Они остановились возле полупрозрачной стены лаборатории.
Внутренний источник света отбрасывал на стену тень Манджака у пульта управления биологической колыбели и склонившийся рядом с ним хищный профиль Байлоу. Манджак сосредоточенно вертел какие-то ручки на пульте управления, а Байлоу внимательно наблюдал за его работой.
— Почему вы не спросили, — услышали они голос Байлоу, — как мне удалось почти безошибочно собрать всю необходимую информацию для воссоздания этой собаки?
— Идеи носятся в воздухе, — уклончиво ответил Манджак.
— Скажите, а что делается в этом направлении по ту сторону, у наших потенциальных противников?..
— Этот вопрос скорее должен был бы задать я, — процедил словно сквозь зубы Манджак.
— Вы знаете людей, которым могла прийти в голову подобная идея.

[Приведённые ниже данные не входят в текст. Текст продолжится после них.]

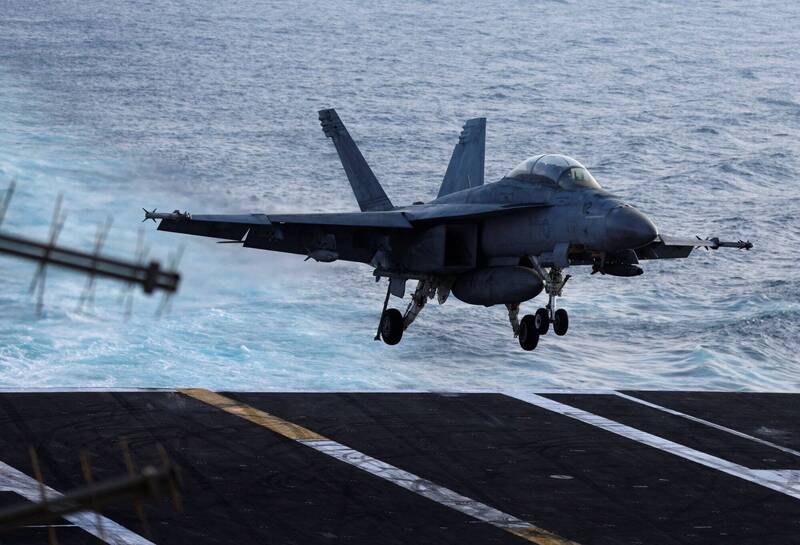 美國海軍1架「超級大黃蜂」戰機意外墜海 飛行員彈射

Отдаете ли вы себе отчет в том, что произойдет в мире, если они справятся с этой задачей раньше? Вот Сварог, например…
— Я не могу представить, что произойдет в мире даже в том случае, если эту проблему удастся решить здесь, на острове Корда…
— Послушайте, дорогой Манджак, идеи, за которые мы с вами ведем борьбу…
— Какие идеи вы имеете в виду?
— Вы хотите заставить меня прочесть вам воскресную проповедь?
— Я имею право рассчитывать на откровенный ответ.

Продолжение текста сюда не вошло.